A small but intrepid crowd stayed the distance of Mossgreen’s two day winter sale of some 300 lots, curiously curtailed to only seventy eight lots on Day 1, leaving 250 lots for the marathon second sitting. Those that stayed were prepared to fight with the bank of telephones for the favoured works that they had come for—sometimes leaving disappointed.
This meant that some works confidently surpassed expectations because of bidding duels, while others were passed. The clearance rate of just over 59% by lot was the same for both days, for the more expensive works on Day 1 and for the modestly reserved offerings on Day 2. This means that at all price levels of the market, people knew what they wanted and were not distracted.
At the night sale on Day 1, the small undated Ethel Carrick Fox oil on panel, In the Luxembourg Gardens (Lot 5 ), chosen by Mossgreen as its cover painting, seemed to glow with deft impressionist brushwork. Even though its surface needed a clean, and even though it cried out for an authentic period frame, it was deservedly pushed to $45,500 IBP against an upper estimate of $18,000—a worthy triumph for the collecting spirit.

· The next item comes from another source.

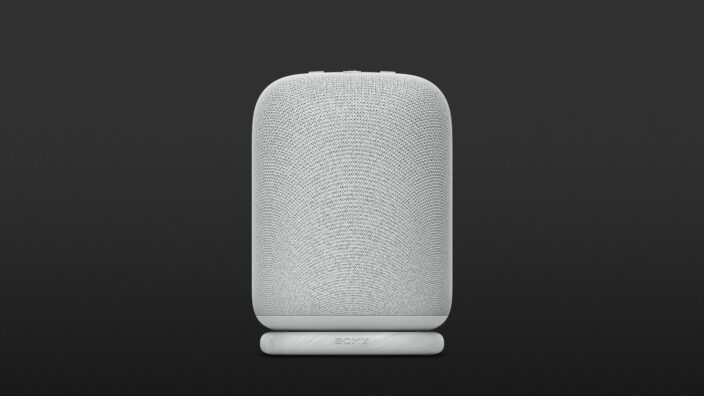 Sony LinkBuds Speaker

Continuing with a theme of women painters to watch, a spectacular painting by Jessie Traill, Logging, 1913 (Lot 65 ) this time braced by a superb period frame—and with a quietly poetic take on the very masculine subject matter of felled trees in the Australian Bush—inexplicably failed to find a buyer.
Also unsold on the night was the conflicted Albert Tucker ‘Antipodean Head’, Attack of the Beast, 1953-55-86, (Lot 28 ), a classically European image of suffering and self-doubt that the artist had re-assessed and adjusted on the stated dates during his career. The reserve (near the $150,000 lower estimate) was possibly too restrictive as other similar pivotal works by Tucker, such as Faun Attacked by Parrots, 1967, seem to place the conflicted action in an unmistakably Australian context. The market loves Australianness. Our desire to understand the local, the culture of our place, has certainly helped the iconic status of folklore artists such as Sidney Nolan.
Naturally our culture is made whole and enriched by the widening appreciation of Western Desert painting. On Day 2, a beautiful collection of sixteen modestly scaled paintings on canvas and board almost universally found new homes. They were richly coloured and alive with dreaming through the implied land features, tracks, and effortless dot-painted asymmetry.
Here is Kenny Bell Tjampitjinpa’s Untitled, 1975, (lot 135) sold for $4550 IBP against an upper $3000 estimate. Higher in the market on the first day, Emily Kame Kngwarreye’s two metre Yam Dreaming, 1995 (Lot 13 ) found safe harbour at just over $100,000 IBP, falling, or rather climbing midway between the upper and lower estimate. Her effortless lines of budding ochre yams coiling against a dark ground are curiously beguiling: these are not random marks, but deliberate signs of her knowledge system as a spiritual elder. What a delight to see the Kngwarreye and Kovacs sell successfully together ‘across a crowded room’ with Mossgreen as curator.